Posto isto, cumpre assinalar que, de facto, nos parece que o Governo terá muitas dificuldades para nos convencer que as medidas de redução dos escalões do IRS não violam o princípio segundo o qual os impostos sobre o rendimento têm de ser progressivos e atender aos rendimentos auferidos pelos portugueses. Ora, quer o princípio da progressividade, quer o princípio da capacidade contributiva são princípios constitucionais e, logo, jurídicos: o Tribunal Constitucional poderá fiscalizar o seu respeito pelo legislador. O que os Tribunais - nunca! - poderão fazer é formular juízos de mérito: esta medida não deveria ser adoptada porque há outra melhor. Neste último caso, e só neste, estaríamos perante uma violação do princípio da separação de poderes."

Óbvio!

Entretanto, também guardei, num canto esconso do meu Casão, três exemplos da dificuldade que algumas pessoas (respectivamente, um economista, um banqueiro e um jornalista) sentem em perceber uma coisa tão simples:

Deliberação do Tribunal Constitucional sobre os subsídios vai penalizar Portugal aos olhos internacionais - LINK

Veto do Tribunal Constitucional é perigosíssimo para o futuro de Portugal - LINK

É de doidos os juízes terem tanto poder - LINK

Moral da história: Ninguém caia no erro de pensar que o Estado de Direito Democrático é um dado adquirido. A cada passo nos surge gente aparentemente insuspeita que, afinal, convive mal com esse modelo, parecendo preferir outros, de pendor autoritário.


2013-03-25

A judicialização da política


Gostava de ter escrito isto:

Artigo de opinião de José Mouraz LopesPresidente da Associação Sindical dos Juízes Portugueses, publicado hoje, 25 de Março, no jornal Público:

"É recorrente a acusação pública sobre o fenómeno da judicialização da política onde, em regra, estão no banco dos réus as magistraturas. Falamos, naturalmente, de questões tão diversificadas como a investigação criminal que envolve titulares de cargos políticos, a legítima iniciativa de cidadãos que nos tribunais administrativos contestam por via cautelar decisões políticas ou mesmo a intervenção do Tribunal Constitucional no exercício dos seus poderes de fiscalização da constitucionalidade, sobretudo na dimensão preventiva de leis controversas à luz do Estado de direito.

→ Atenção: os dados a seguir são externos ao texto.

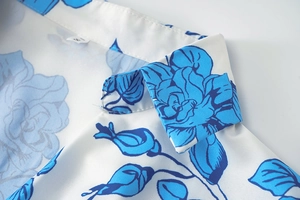 Détail de chemise à fleurs bleues avec étiquette taille S sur tissu blanc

Os "acusadores" são, sobretudo, os que exercem poderes de facto do alto de uma aparente intocabilidade mediática e que, com a insinuação de que os tribunais estão a ir para caminhos que não são os seus, pretendem apenas inibir a actuação judicial sobre aqueles que sempre se viram como intocáveis.

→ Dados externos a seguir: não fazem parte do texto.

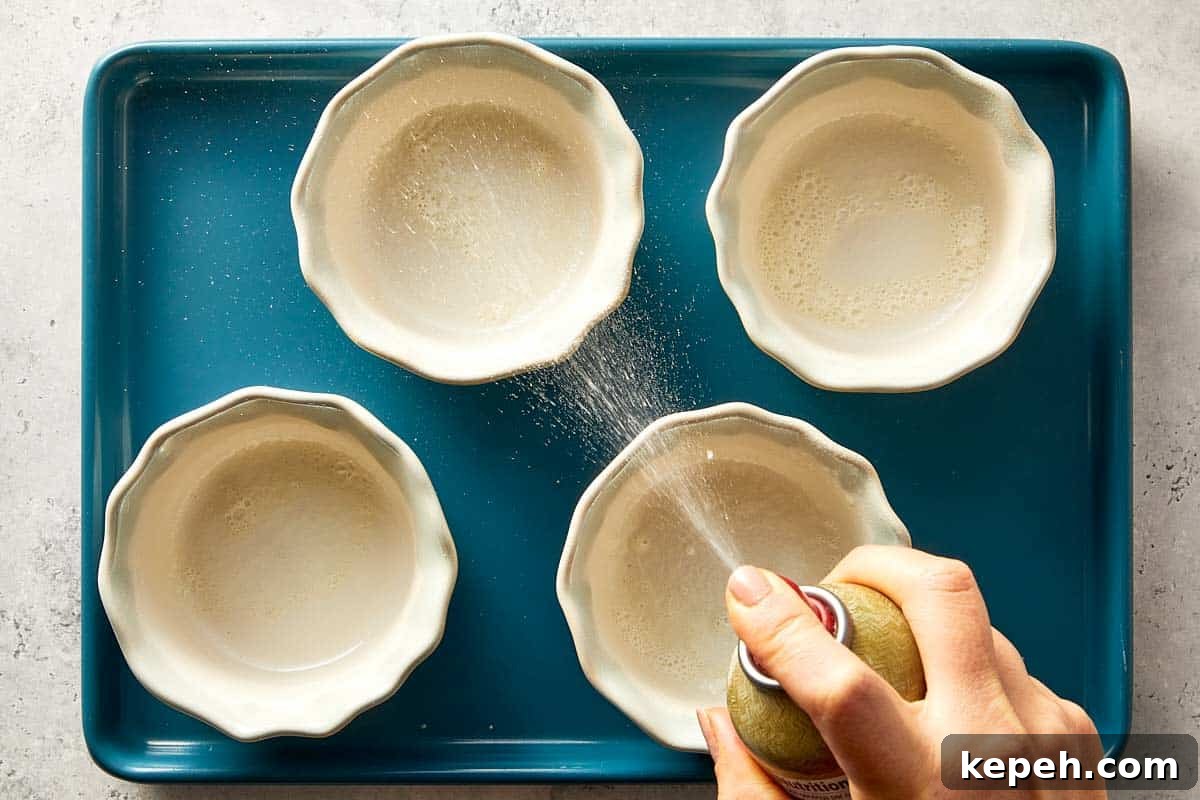 overview of two small bowls being spray with non stick cooking spray.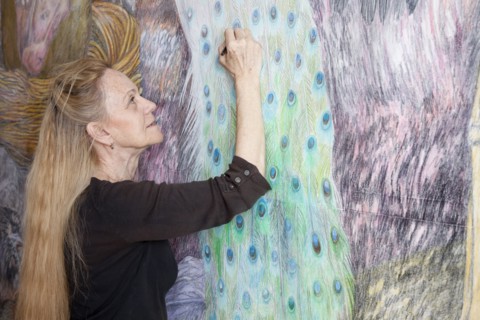 Caucasian woman drawing mural on wall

Diz-se, por isso, em regra, "à justiça o que é da justiça, à política o que é da política"! O discurso da judicialização da política é, assim, um discurso manipulado e que serve apenas aqueles que deles se queixam, porque por eles são ou podem ser afectados.

Para o cidadão, em regra, sobra sempre o juízo crítico sobre os tribunais e o consequente desgaste da imagem pública da justiça. O episódio da lei das incompatibilidades eleitorais é, claramente, mais uma pedra na construção do desgaste sobre a actuação dos tribunais nos sistemas democráticos.

Os autarcas "ex-presidentes" e futuros candidatos a municípios diversos daqueles em que exerceram já funções e os seus adversários políticos, certamente que verão nas decisões dos tribunais relativas à sua elegibilidade ou inelegibilidade eleitoral um excelente motivo para verberar a "incompetência", a "falta de cuidado" ou, quiçá, a "juventude" dos juízes que decidiram da exclusão ou da não exclusão de determinados candidatos das listas eleitorais.

Deixando, propositadamente, aos tribunais, o ónus de interpretar uma lei que o legislador não quis clarificar e que a doutrina também não reflectiu devidamente, remete-se para a justiça uma decisão que terá sempre um reflexo político-partidário imediato. Os juízes, aplicando a lei, decidirão sempre de forma livre e independente, ainda que de forma diversa, segundo a sua consciência.

Num tempo onde a justiça deve ser objecto de outras preocupações, os tribunais não podem ser empurrados para um jogo partidário que não lhes pertence. Apenas cumprirão as leis e a Constituição".